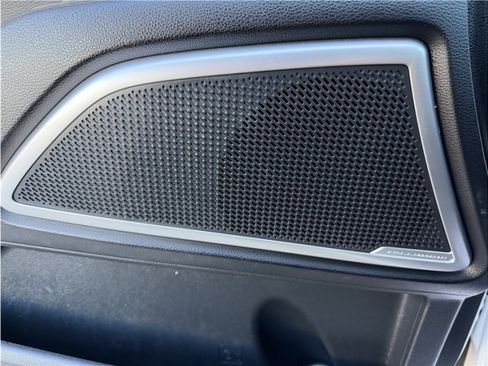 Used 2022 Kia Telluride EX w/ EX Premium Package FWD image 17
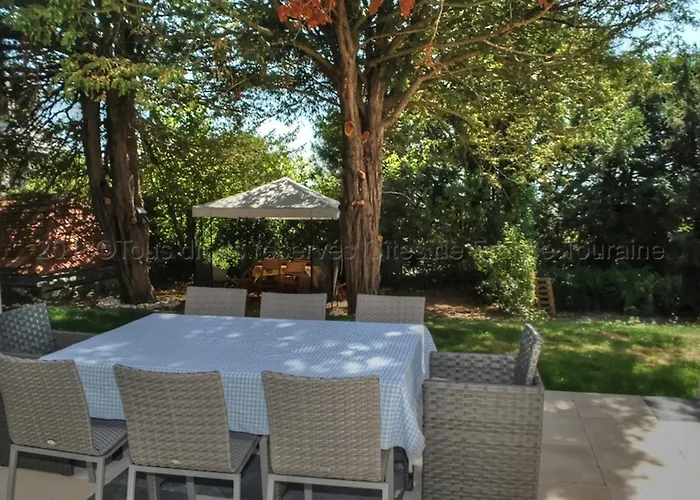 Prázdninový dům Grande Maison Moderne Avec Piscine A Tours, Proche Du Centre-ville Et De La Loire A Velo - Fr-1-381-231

--

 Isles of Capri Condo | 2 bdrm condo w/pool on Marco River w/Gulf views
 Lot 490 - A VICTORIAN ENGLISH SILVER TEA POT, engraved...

==

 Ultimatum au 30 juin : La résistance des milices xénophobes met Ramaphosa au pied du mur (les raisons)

:: What is required ::
Write down exactly the span of lines above from the one containing "Isles of Capri" to the one containing "Lot 490 - A", both ends included.

:: Answer to this problem ::
 Isles of Capri Condo | 2 bdrm condo w/pool on Marco River w/Gulf views
 Lot 490 - A VICTORIAN ENGLISH SILVER TEA POT, engraved...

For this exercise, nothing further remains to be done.